Wednesday, February 21, 2007
Yes, I Read Comic Books
I first got interested in comic books in 1992 when I was ten years old. I had been a fan of Superman from a very young age, and even used to wear a Superman shirt underneath the suits I wore to kindergarten. So, it was natural for me to delve further into the character by reading his adventures in the comics. The initial stories I read involved the Death of Superman saga, a story that captivated my young imagination and hooked me on comic books.
I continued collecting almost exclusively DC comics until around 1998, when I stopped reading because I could no longer afford to buy them regularly. In 2003, after several years of watching the television show Smallville, I picked up the comic book adaptation of the series. It felt great to have a new comic book in my hands, so I decided to start collecting again. With the advent of eBay in the intervening years, I was able to pick up large runs of back issues for much less than I would have paid had I bought them on the newsstand. Since returning to comics, I have amassed a collection of somewhere around 4,000 comics, including nearly every appearance of Superman since 1985.

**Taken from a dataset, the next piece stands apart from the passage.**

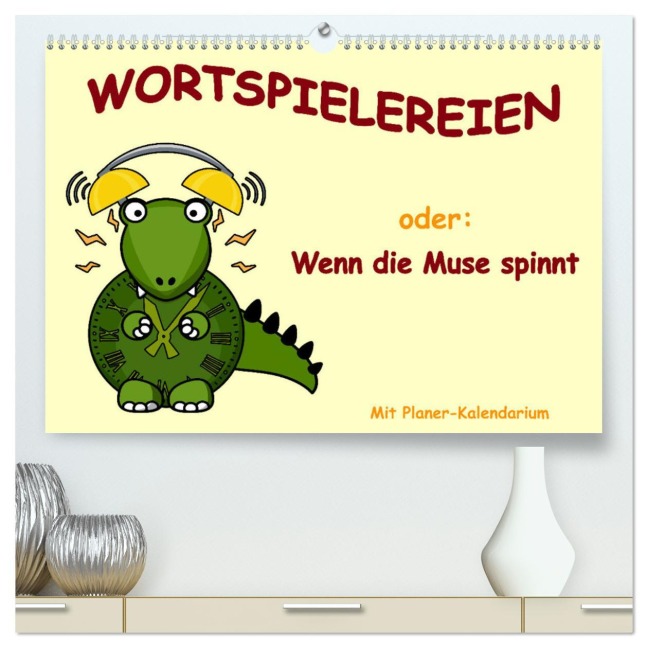 Wortspielereien (hochwertiger Premium Wandkalender 2025 DIN A2 quer), Kunstdruck in Hochglanz - Ravienne Ink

When I tell people I am a comic book collector, I get varying reactions. Mostly, people do not understand the appeal of a comic book story, relegating comics to a children's medium that no intelligent person has any business following. The truth is that while comic books started out with children as their primary audience, today's typical comic book reader is older and has a desire to read stories that are more complex and realistic. Even superhero comics, with their outlandish premises and plots, have matured to the point where the stories behind the capes and powers involve real-life human drama. Comics deal with violence against women, deep philosophical and religious debates, and even heated political issues and current events.
One of the creators most responsible for this shift in tone was the late Will Eisner. Eisner began his work in the early days of comics, when material published in the new comic book format was typically reprints of newspaper comic strips. He went on to create The Spirit, a masked crime fighter who deals with the real life struggles of the inner city, and the landmark A Contract with God, one of the first graphic novels. Eisner also created the graphic novel Fagin the Jew, an attempt to create a backstory for the famous Jewish caricature in Charles Dickens' novel Oliver Twist. Shortly before his death in 2005, Eisner published The Plot, a graphic novel detailing the sordid history of The Protocols of the Elders of Zion, a forged document that anti-Semites, most notably the Nazis, used to "prove" a worldwide Jewish conspiracy aimed at controlling the world.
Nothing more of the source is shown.